LE SEXE DES ANGES...
... fait encore débat. Et quand Pignon-Ernest propose son Ode au Vivant, l'art entre en conflit avec les
croyances moyennageuses.
" Depuis le 3 juillet et dans le cadre de l’exposition « Ingres et les modernes », deux anges monumentaux réalisés par Pignon-Ernest, inspiré du Vœu de Louis XIII d’Ingres,
recouvrent la façade de la cathédrale de Montauban. Armés de balais, de papier journal et de colle, trois jeunes gens ont tenté, en pleine nuit, de recouvrir le sexe féminin des anges, afin de
« les rendre décents »...
Ce faisant, ils les ont rendu indécents.

Que l'on puisse encore discuter du sexe des anges parait surréaliste et pourtant c'était à nouveau d'actualité cette semaine alors que le débat semblait clos depuis bien longtemps. Le
concept de créatures célestes étant imaginaire, rien à priori n'empêchait un artiste de les concevoir avec un corps humain. Chose faite au cours des siècles. Des corps ailés
puisqu'ils sont célestes ! Voila qui rappelle la mythologie grecque mais au moins on s'y retrouve. Oui, mais un corps, c'est sexué... Que faire ? Tout
simplement cacher le sexe et le tour est joué. Céleste, ailé, mais assurément pas sexué. Voila l'image de l'ange 'parfait'.

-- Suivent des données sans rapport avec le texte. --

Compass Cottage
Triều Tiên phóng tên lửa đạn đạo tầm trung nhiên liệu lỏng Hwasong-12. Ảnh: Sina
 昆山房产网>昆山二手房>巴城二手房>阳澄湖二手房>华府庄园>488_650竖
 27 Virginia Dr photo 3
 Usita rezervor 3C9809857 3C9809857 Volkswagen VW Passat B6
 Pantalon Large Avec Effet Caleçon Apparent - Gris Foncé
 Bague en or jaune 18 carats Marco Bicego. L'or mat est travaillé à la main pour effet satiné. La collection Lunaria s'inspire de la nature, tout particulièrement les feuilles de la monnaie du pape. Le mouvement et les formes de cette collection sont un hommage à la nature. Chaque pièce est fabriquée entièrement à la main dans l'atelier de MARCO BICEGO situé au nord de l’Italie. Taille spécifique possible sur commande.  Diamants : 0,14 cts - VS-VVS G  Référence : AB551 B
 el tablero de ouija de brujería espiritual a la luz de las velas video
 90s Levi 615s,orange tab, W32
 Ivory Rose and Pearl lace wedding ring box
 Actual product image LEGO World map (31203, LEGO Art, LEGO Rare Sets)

Benjamin Spence, le murmure de l'ange, musée
d'Orsay
Même si les affiches de Pignon-Ernest ont été installées sur la façade de la cathédrale en accord avec les autorités de l'église à laquelle elle adhère, cette idée intolérable d'ange sexué a
poussé une famille à les mutiler . Bienheureux les pauvres d'esprits prêchait Jésus, ils verront Dieu. Vingt et un siècle plus tard, les pauvres
d'esprit préfèrent rester scotchés au ras du bas ventre plutôt que de regarder vers le ciel ne serait -ce que pour vérifier la présence des anges parfaits. Quant à Voltaire,
il peut se retourner dans sa tombe en voyant dans quel état de misère spirituelle certains en sont réduits dans notre pays.
La religion ne serait-elle plus l'opium du peuple mais le refuge des
frustrés ?
Non, car voici la réaction d'un abbé, président de la société archéologique et historique de Tarn-et-Garonne qui remet les choses au point :…« A moins de condamner
la nudité et la sexualité comme des réalités abjectes, je ne vois pas ce qui justifie une pareille attitude de la part de jeunes croyants... Je n'assimile pas l'œuvre d'Ernest Pignon au diable et
aux forces maléfiques et son projet n'a rien d'antireligieux. Je me demande quelle éducation à la beauté ont reçu des jeunes et même quelle éducation sexuelle pour jouer les effarouchés et crier
au scandale
».
Voie toute tracée pour une église moderne : Développer le concept d'image du corps.